Esok harinya, lagi-lagi mereka tetap saja
seperti itu. Aku makin kesal dengan mereka. Aku memutuskan hari ini untuk
bermain bersama Nia dan Ina. Hari ini giliran ku, Ani, Mitha dan Bella piket. Aku
mengambil sapu di belakang kelasku. “Mitha! apa kabarmu?” tanya ku pada Mitha, “siapa kamu? aku nggak kenal! jangan sok
kenal ya!” ucap Mitha sombong. Mendengar ucapan dari Mitha, aku merasa terpukul
dengan kata salah satu sahabatku itu. Aku pun tetap menyapu kelasku sambil berpikir apa yang sebenarnya terjadi.
Aku melihat sifat sahabatku beda dengan yang dulu.
Sejak Ani, Mitha dan Bella bermain terus dengan Mia dan Pina, aku merasa ada
yang beda dengan sahabatku. Mereka serasa terus menjauhiku setiap hari. Itu
menambah rasa galau ku semakin terasa. Untung ada teman yang mau bermain denganku yaitu, Nia dan Ina. Mereka
setia menemani ku setiap hari. “Ini Nad, permen buat kamu!” ucap Nia sambil memberikan permen itu
kepada ku, “wah.. terima kasih ya!” sahut ku sambil menerima permen itu.

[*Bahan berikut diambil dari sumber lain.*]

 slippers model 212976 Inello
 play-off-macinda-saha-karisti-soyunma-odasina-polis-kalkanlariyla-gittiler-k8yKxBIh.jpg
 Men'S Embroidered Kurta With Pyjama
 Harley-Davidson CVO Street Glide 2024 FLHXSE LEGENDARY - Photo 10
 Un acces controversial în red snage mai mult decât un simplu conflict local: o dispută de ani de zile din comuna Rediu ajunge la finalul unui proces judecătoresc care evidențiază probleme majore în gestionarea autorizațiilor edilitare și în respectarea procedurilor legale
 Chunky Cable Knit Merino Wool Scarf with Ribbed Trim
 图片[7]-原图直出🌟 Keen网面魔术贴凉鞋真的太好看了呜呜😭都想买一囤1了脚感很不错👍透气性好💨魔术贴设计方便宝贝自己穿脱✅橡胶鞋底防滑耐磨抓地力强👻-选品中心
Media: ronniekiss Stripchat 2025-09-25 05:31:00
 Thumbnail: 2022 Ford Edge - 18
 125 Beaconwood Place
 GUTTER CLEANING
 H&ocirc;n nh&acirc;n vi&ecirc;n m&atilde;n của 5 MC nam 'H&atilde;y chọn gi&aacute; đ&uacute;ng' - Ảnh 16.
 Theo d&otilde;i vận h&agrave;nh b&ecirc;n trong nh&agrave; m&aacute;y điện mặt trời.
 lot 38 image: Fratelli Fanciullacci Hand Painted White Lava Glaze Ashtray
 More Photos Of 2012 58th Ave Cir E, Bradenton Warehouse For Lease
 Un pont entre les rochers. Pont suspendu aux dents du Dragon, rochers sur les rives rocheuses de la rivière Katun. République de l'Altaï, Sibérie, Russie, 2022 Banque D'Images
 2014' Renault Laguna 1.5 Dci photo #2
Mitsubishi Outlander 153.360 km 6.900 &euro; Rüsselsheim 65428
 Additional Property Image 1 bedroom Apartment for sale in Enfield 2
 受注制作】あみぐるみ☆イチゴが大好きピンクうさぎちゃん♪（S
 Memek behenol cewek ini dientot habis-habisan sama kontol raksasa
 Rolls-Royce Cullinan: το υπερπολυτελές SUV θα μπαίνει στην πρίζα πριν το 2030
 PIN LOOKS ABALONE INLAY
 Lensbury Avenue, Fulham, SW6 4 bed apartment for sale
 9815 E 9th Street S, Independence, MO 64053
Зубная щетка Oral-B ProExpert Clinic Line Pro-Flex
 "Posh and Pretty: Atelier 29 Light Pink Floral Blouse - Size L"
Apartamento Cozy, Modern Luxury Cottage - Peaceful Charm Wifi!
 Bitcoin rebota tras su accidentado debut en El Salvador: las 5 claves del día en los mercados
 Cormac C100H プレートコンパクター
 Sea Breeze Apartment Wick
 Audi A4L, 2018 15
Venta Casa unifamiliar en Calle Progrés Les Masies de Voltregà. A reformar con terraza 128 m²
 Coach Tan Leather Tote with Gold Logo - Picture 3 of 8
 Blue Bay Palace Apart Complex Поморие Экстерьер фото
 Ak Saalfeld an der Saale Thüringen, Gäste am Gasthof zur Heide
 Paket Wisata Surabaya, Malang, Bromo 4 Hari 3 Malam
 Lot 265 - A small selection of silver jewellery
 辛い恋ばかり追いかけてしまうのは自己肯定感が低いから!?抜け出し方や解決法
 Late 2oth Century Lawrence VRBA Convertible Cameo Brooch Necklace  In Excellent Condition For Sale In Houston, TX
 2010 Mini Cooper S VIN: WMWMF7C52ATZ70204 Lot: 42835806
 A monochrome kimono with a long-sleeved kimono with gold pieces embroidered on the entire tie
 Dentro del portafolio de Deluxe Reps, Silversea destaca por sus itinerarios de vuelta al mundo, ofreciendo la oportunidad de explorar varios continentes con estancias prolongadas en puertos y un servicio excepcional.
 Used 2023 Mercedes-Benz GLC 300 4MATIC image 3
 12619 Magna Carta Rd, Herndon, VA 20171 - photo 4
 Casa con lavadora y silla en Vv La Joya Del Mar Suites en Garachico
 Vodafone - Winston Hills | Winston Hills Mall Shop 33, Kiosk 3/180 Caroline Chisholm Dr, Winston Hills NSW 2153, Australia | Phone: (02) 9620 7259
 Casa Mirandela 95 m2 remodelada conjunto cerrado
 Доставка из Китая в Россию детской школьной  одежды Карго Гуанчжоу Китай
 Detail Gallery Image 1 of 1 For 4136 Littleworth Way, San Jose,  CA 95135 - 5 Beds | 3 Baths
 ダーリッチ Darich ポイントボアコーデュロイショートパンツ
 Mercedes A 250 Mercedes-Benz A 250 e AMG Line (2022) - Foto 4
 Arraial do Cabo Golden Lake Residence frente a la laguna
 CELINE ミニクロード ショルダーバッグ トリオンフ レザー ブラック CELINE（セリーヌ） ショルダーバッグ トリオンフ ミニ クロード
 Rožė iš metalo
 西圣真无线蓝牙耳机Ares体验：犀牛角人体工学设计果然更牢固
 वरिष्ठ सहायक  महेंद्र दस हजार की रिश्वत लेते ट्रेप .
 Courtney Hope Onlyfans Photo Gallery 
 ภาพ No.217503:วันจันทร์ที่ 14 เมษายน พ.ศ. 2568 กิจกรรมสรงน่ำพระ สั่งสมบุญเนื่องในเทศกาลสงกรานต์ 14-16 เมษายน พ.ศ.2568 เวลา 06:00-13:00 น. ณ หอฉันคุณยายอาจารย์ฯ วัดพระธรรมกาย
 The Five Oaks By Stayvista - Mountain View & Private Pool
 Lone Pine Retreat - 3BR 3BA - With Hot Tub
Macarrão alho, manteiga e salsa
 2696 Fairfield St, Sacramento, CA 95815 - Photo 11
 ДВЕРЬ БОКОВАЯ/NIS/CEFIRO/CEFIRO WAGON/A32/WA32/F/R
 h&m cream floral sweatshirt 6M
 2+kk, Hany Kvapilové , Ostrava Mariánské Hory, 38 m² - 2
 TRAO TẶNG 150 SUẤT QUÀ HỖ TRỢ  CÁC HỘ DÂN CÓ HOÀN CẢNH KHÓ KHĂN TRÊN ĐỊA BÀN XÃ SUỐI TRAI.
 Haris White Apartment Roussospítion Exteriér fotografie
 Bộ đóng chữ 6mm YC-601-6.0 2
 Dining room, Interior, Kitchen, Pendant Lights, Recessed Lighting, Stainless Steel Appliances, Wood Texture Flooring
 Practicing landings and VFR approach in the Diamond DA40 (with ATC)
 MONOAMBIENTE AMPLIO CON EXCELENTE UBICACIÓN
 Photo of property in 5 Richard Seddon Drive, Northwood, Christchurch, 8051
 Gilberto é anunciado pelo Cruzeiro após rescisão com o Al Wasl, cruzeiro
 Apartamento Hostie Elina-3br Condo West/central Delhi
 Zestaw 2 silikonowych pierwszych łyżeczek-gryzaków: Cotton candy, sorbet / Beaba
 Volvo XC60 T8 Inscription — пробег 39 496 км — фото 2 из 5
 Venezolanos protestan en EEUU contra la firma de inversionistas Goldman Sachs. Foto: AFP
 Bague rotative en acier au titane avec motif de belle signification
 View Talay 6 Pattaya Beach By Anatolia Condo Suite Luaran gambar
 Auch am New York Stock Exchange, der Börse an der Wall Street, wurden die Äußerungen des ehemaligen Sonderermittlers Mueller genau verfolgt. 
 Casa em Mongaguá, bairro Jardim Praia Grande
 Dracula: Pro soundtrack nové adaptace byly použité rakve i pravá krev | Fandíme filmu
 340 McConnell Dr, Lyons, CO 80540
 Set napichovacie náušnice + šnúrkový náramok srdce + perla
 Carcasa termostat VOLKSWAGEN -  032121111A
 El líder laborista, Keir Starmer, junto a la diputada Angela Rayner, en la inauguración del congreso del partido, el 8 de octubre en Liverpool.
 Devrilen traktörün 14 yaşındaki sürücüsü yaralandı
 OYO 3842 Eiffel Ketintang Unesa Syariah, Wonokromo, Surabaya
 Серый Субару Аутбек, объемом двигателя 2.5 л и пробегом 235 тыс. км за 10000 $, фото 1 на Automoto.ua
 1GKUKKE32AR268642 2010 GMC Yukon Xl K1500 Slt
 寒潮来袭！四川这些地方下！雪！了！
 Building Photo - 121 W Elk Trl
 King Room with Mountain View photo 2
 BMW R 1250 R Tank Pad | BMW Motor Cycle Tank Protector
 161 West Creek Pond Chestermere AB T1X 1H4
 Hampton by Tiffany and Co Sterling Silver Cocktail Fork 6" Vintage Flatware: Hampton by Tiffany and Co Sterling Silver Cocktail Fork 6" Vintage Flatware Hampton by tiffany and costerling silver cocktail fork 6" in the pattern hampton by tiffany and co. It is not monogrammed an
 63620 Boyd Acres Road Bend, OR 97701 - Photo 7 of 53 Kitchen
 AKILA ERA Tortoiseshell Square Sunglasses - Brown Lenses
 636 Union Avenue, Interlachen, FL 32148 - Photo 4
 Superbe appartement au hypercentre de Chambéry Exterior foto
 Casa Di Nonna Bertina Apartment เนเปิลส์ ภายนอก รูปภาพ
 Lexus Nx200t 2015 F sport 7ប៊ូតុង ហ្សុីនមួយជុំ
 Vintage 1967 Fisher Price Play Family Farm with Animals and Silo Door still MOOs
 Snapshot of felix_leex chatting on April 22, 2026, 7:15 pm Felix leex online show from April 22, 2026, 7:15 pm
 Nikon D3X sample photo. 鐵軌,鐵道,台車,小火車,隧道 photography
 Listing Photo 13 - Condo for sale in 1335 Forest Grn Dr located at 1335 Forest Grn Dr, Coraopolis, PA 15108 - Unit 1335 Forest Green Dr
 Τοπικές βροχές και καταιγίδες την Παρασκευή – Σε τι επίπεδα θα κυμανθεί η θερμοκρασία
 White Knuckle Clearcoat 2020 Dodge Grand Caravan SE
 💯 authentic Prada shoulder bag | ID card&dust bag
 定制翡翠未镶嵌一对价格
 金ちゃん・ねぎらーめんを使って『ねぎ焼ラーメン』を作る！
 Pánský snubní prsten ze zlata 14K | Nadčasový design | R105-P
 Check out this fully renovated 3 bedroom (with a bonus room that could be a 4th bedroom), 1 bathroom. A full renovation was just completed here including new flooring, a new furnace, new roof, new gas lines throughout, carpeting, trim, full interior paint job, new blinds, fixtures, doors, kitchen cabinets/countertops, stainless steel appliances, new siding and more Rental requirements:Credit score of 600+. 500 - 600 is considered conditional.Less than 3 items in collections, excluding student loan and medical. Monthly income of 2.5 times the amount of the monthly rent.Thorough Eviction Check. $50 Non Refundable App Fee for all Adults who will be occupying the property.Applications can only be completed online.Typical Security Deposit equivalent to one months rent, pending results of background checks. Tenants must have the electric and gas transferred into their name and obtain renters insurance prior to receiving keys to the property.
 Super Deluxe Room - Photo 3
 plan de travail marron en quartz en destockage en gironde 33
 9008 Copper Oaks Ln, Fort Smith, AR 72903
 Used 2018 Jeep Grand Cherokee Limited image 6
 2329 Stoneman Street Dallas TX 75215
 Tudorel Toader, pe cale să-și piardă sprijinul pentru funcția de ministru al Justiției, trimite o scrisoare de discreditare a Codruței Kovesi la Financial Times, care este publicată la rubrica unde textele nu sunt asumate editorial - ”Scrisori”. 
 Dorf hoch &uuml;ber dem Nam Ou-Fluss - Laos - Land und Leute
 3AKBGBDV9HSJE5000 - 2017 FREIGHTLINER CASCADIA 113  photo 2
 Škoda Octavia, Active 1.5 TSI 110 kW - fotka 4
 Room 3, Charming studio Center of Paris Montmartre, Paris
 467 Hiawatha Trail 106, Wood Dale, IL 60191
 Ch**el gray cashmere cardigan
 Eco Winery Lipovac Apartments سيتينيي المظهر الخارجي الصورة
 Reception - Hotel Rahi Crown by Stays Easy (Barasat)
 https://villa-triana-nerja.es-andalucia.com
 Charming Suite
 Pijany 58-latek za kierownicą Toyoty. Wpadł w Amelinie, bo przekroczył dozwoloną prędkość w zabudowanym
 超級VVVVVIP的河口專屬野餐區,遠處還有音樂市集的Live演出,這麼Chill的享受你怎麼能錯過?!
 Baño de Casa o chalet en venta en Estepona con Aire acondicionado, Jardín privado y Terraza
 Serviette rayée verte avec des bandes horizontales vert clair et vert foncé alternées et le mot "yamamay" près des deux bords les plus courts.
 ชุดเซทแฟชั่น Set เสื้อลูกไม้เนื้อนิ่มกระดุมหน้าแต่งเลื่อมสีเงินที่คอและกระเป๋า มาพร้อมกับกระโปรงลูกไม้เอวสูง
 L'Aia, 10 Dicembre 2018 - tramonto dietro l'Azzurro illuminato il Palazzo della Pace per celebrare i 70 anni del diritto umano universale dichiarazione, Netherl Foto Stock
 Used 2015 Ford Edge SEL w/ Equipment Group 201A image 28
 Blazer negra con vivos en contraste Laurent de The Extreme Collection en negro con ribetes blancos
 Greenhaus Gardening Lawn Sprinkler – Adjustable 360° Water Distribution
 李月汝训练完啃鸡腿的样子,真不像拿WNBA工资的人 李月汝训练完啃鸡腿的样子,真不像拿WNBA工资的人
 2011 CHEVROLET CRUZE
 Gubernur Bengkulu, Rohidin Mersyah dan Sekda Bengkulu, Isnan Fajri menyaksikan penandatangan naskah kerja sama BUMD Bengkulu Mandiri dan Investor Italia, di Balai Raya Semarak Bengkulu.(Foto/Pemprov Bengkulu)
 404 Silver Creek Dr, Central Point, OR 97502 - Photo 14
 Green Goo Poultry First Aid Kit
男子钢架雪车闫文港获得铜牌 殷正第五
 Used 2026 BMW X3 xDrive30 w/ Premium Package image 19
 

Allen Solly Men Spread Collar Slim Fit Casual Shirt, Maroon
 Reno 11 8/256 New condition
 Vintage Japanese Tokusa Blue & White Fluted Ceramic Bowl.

Waktu sudah berlalu, waktunya pulang. Semua
anak nampak sibuk merapikan bukunya dan bergegas pulang. Aku pun keluar kelas,
tiba-tiba ada seseorang yang menginjak sepatuku dari belakang. Aku menoleh ke belakang, dan dia
adalah Mitha. “ooppsss… maaf!” ucap Mitha sambil tersenyum jahat. Karena aku kesal akan
perbuatannya, aku segera berlari.
Sampai di rumah, Aku mengganti baju dan
megerjakan PR. Sambil mengerjakan PR, aku berpikir bahwa sahabatku tidak peduli lagi
denganku, dan mereka mencoba untuk membullyku. Karena aku sering dibully di
sekolahan, aku tetap menerima dan belajar sabar untuk menghadapi semua cobaan
yang diberikan. Walau ditinggal sahabatku, aku masih mempunyai banyak teman,
dan bukan hanya mereka yang bisa menjadi teman ku. Dari itulah aku belajar
menjadi anak yang tegas, percaya diri dan sabar.